Is anyone using this flag successfully with tigervnc client and server? If so, what syntax is required?

Thanks in advance.Last edited by Havin_it on Tue Jul 31, 2012 7:18 pm; edited 1 time in total

----------

## Gusar

It's possible that the option is supported only in 1.2, but portage contains 1.1. There's a 1.2 ebuild in this bug: https://bugs.gentoo.org/show_bug.cgi?id=410929

----------

## Havin_it

Hi Gusar,

Using it: that's my bug   :Wink: 

----------

## Gusar

 *Havin_it wrote:*   

> Hi Gusar,
> 
> Using it: that's my bug  

 

Oh!   :Embarassed: 

Well, then it's either not implemented upstream, or it got lost when the old viewer was dropped in favor of the new fltk-based one. I still have the old viewer here, let me check... Yep, the old viewer has the -via option.

Check the upstream bugtracker, maybe there's already a bug about this. If not, open one. Edit: There's a bug that the -listen option is missing in the fltk viewer, and the comments mention that -via is missing too. Getting them back is a matter of "patches welcome".

----------

## Havin_it

Good digging! Missed that one, will add my voice in some manner.

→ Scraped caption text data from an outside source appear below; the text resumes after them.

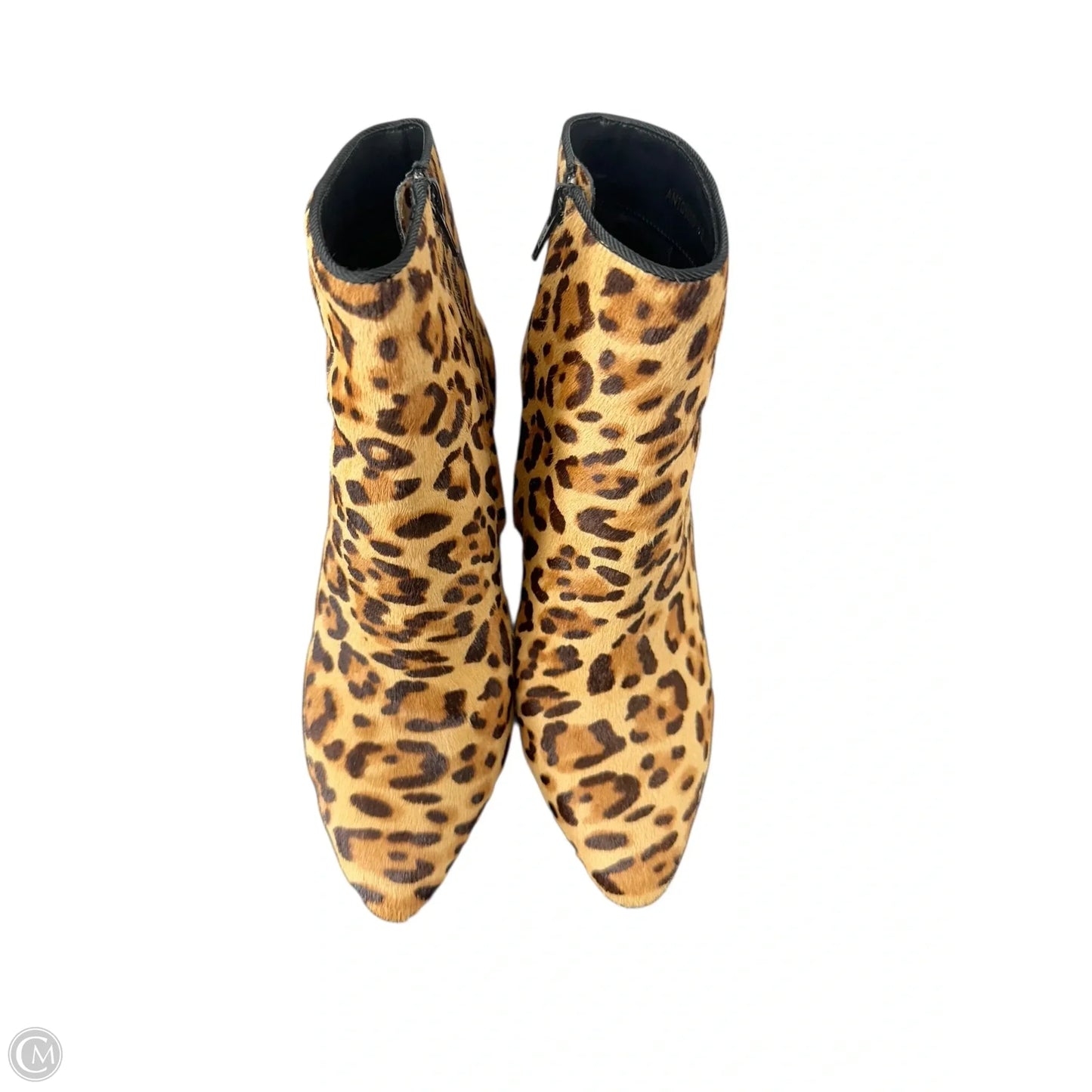 Boots Ankle Heels By Antonio Melani In Animal Print, Size: 6.5
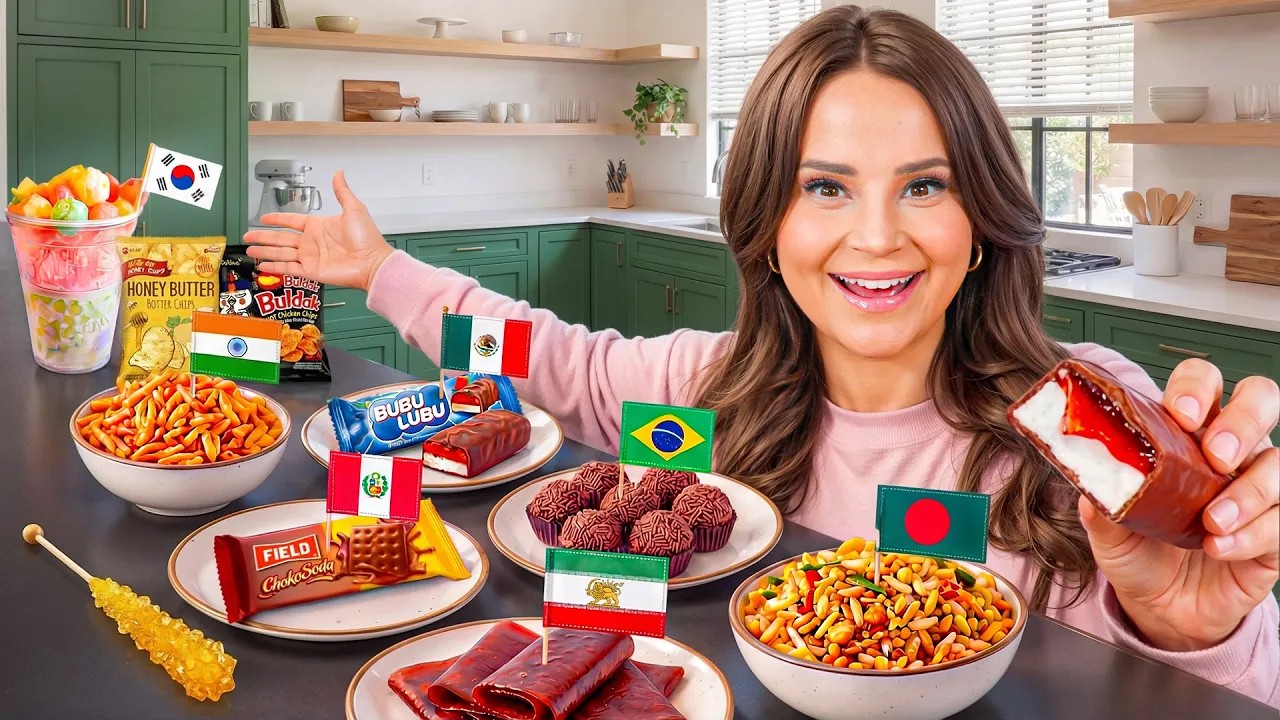 I Ate Snacks From Around The World! episode artwork
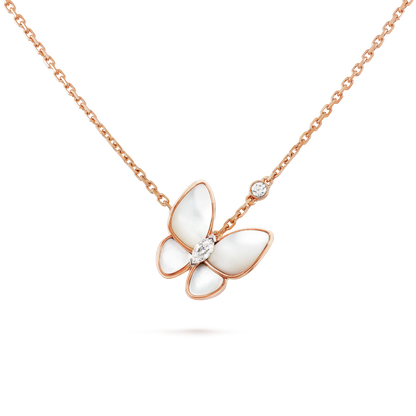 [Lucas Jewelry]BUTTERFLY MOP DIAMOND NECKLACE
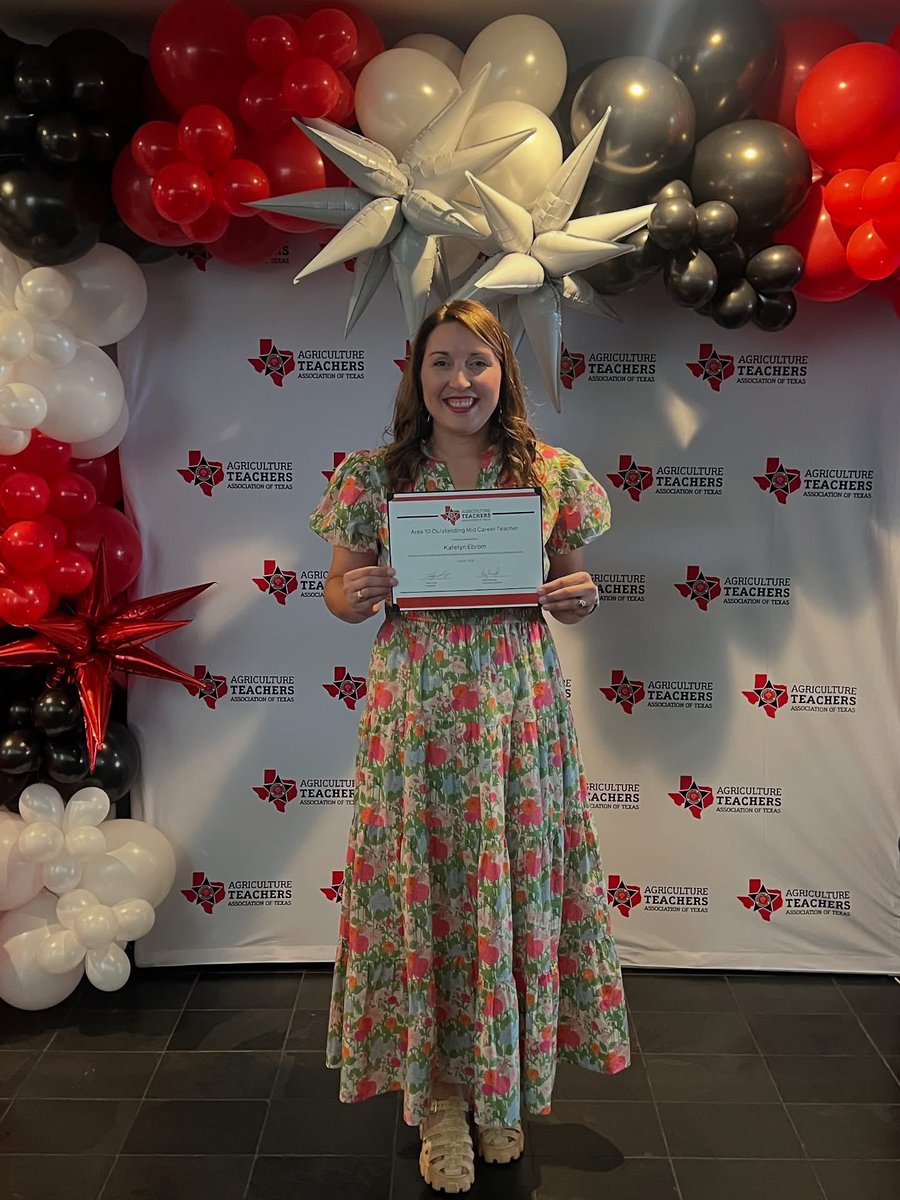 🧡🖤 KCISD Teacher Spotlight 🖤🧡

Please help us congratulate Katelyn Ebrom, who has been named the Area X Mid-Career Teacher of the Year by the Agricultural Science Teachers Association of Texas! 🌟

This prestigious honor recognizes educators who demonstrate exceptional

Hopefully they'll be building this into the Java viewer too - I believe that's underway, but in the meantime I'm still having to use the TighVNC applet at times when I don't have the native client available.

----------

## Gusar

The Java viewer already has it. Maybe not the 1.2 release, but the svn version does.

----------

## Havin_it

 *Gusar wrote:*   

> The Java viewer already has it. Maybe not the 1.2 release, but the svn version does.

 

Partayy!   :Cool:  Hope you can specify the SSH port; I had to edit and build the TightVNC+SSH applet myself to enable that.

----------